• _AIM OF THE TASK_
Every record below must be written out exactly. Leave out the pictures.

• _INPUT DATA_
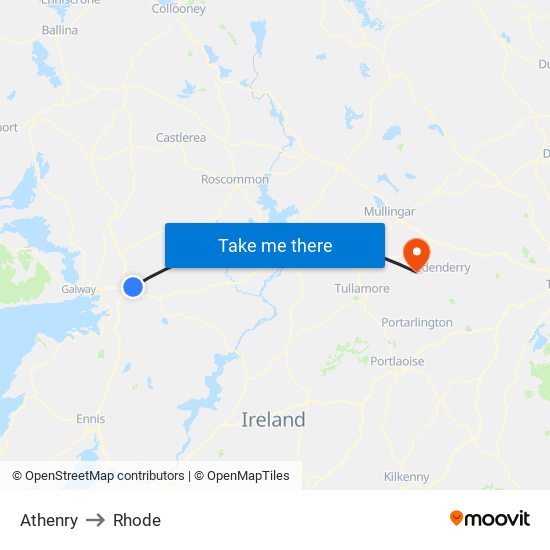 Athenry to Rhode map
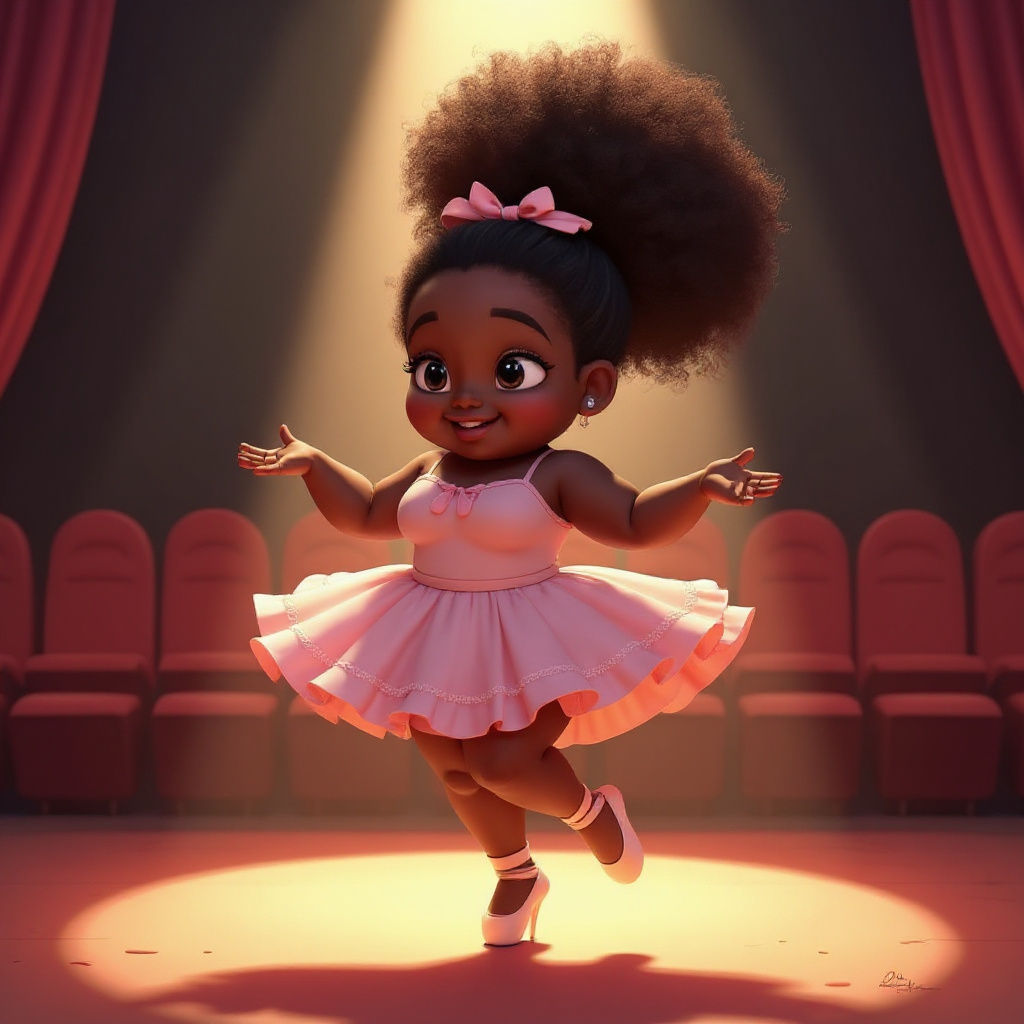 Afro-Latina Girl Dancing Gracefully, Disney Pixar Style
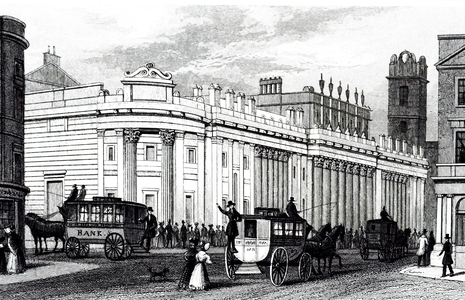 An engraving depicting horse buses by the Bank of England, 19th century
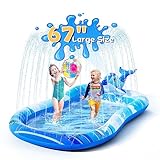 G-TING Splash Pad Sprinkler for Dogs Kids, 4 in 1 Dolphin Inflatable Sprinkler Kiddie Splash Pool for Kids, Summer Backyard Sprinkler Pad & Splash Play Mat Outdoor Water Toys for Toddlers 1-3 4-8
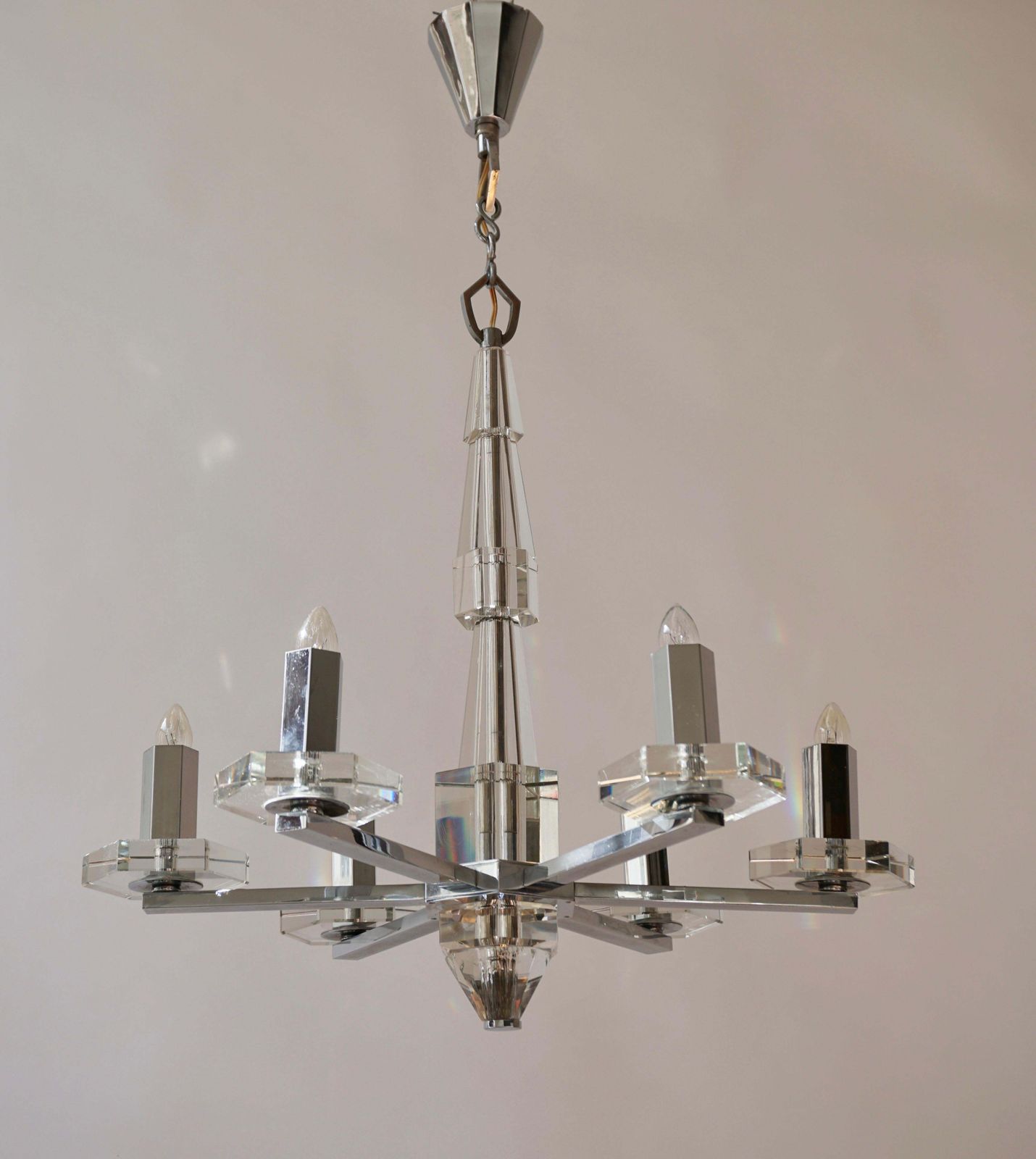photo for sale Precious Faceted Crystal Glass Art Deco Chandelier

• _RESPONSE TO THIS EXERCISE_
 Athenry to Rhode map
 Afro-Latina Girl Dancing Gracefully, Disney Pixar Style
 An engraving depicting horse buses by the Bank of England, 19th century
 G-TING Splash Pad Sprinkler for Dogs Kids, 4 in 1 Dolphin Inflatable Sprinkler Kiddie Splash Pool for Kids, Summer Backyard Sprinkler Pad & Splash Play Mat Outdoor Water Toys for Toddlers 1-3 4-8
photo for sale Precious Faceted Crystal Glass Art Deco Chandelier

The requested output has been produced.